Oh, the horror! Look away! Look away!
I must avoid it at all costs!
So a short and funny blog just doesn't help me to avoid it for long enough.
Blame it on the laundry.
You can also blame it on Matt Chandler.
He is a pastor in Texas who recently did a sermon series on progressive sanctification.
You can hear the first sermon here:
So, I've been learning about the concept of progressive sanctification lately.
Yikes!
Those are two really big words.
We can handle it though!
Progressive Sanctification = the process of becoming more like Jesus.
Its the process of growing spiritually mature.
How do we become spiritually mature?
Well, its not pretty and its usually painful.
At least it has been in the past and continues to be so for me.
I became a Christian when I was ten.
I renounced my life of folly, depravity and sin and proceeded to press on to the straight and narrow.
It wasn't much of a life of folly, depravity and sin.
I was ten for goodness sake.
But it was when I was 10 that I first realized that I wanted to believe in and be like Jesus.
Not just because my parents did or because I went to a Christian school but because I believed in Jesus and I believed that what God said in the Bible was true.
Lots of people have a story like that but that story is by no means their testimony.
A testimony shouldn't end with when you first believed.
It should involve your crooked path to progressively growing more like Jesus.
One of the ways that God makes us more like him is by using other people.
The first time I can really remember this happening is when I was eleven.
It was with Mr. Hinebook.
He was our music teacher.
One day after the bell rang to end music class he dismissed everyone else and came up to me and said that he could see I was troubled and wanted to know what it was.
He was right. I was troubled.
See, a friend and I had agreed to be really mean to a girl on the playground that day.
I can't remember the specifics - just the horrifying idiocy of little girls being little girls.
I was feeling bad and nervous about it.
I was so scared of what my friend would say if I told her I wasn't going to go through with our plan though.
I confessed to him our little plan and instead of carrying me off to the principal or just shrugging it off as 'kids being kids.' He began to ask me probing questions about it.
"Do you believe in Jesus?"
"Yes"
"What do you think Jesus would think about this situation?"
"He probably wouldn't like it"
"Why don't you think he would like it?"
"Because its mean"
"It sure sounds that way to me"
And then he got out his Bible and sat me down with it and showed me where it says how we are supposed to treat people - especially people that others are being mean to.
Another instance of it came when I was in the 7th grade.
I had just transferred schools and was desperate to be liked.
One of the first days of school we were out on the track during gym class when the 8th grade boys ran by.

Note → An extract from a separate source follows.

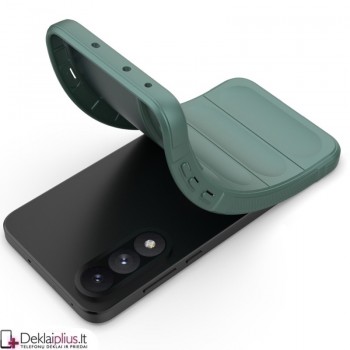 Magic Shield guminis dėklas su kameros apsauga - žalias (Oneplus Nord 5) Magic Shield guminis dėklas su kameros apsauga - žalias (Oneplus Nord 5)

Oh...the 8th grade boys...the whole class was full of cute boys and if they weren't traditionally cute they were really nice.
In my mind when I think of these boys (who are all 34ish now) I still think of them as "the 8th grade boys"
Anyway...
My new friend was pointing out the boys to me:
"Thats Adam Smith. Isn't he gorgeous?"
Indeed, he was.
But instead of saying that I tried to sound cool.
*****Which can I just say, even now, is a really, really bad idea, for me in particular*
I said:
"He kinda looks like a gelhead to me"
See, I said that because he had gel in his hair.
Either way it was a moronic and mean thing to say.
A few hours later he shocked me by coming up to me and saying:
"I heard you called me a gelhead"
My first response was to lie.
"Um..no. No. I didn't say that."
I was stumbling all over myself because I wasn't used to people confronting me and...
...well he really was cute.
"Well, I think you did say it. I know you are new here so I just wanted to let you know that you can't do that here."
"Do what?"
"Call people names like that. I haven't done anything to you so you can't just call me a name like that. We don't do that here."
I mumbled okay.
Actually, I hope I mumbled sorry.
Lets go with that.
Yeah! I definitely said I was sorry.
Anyway, that was that.
We had study hall together the whole year and became great friends.
Here we are a year later:
Look friends!
As the years went by anytime I was tempted to say something off the cuff about someone's appearance
I remembered him saying "you can't just do that."
The next time I can think of it was when I was 15.
I had Mrs Prahba Sharma for geography class and oh the horror.
People were terrified of her.
She demanded absolute excellence from everyone.
You couldn't just sit in class - you had to sit up straight.
And not yawn.
And not chew gum.
And not fool around.
And not put your feet up.
And not put your head down.
And we were never allowed to say any other culture was 'weird'
She taught us to say they were 'different.'
I am so, so thankful for that class though.
Mediocrity was not allowed.
Here I am in all my 15 year old glory:
"Hey lady! Look sharp. Back to class. Don't just wander the halls!"
It really taught me to try to do my best and be respectful to teachers at all times.
The next time I can remember it - and the time it meant the most because it was so painful was when I was 18.
It was in Mr. Thomas Bundenthal's Economics and Government class.
We all liked Mr Bundenthal. He was young and made Government and Econ interesting.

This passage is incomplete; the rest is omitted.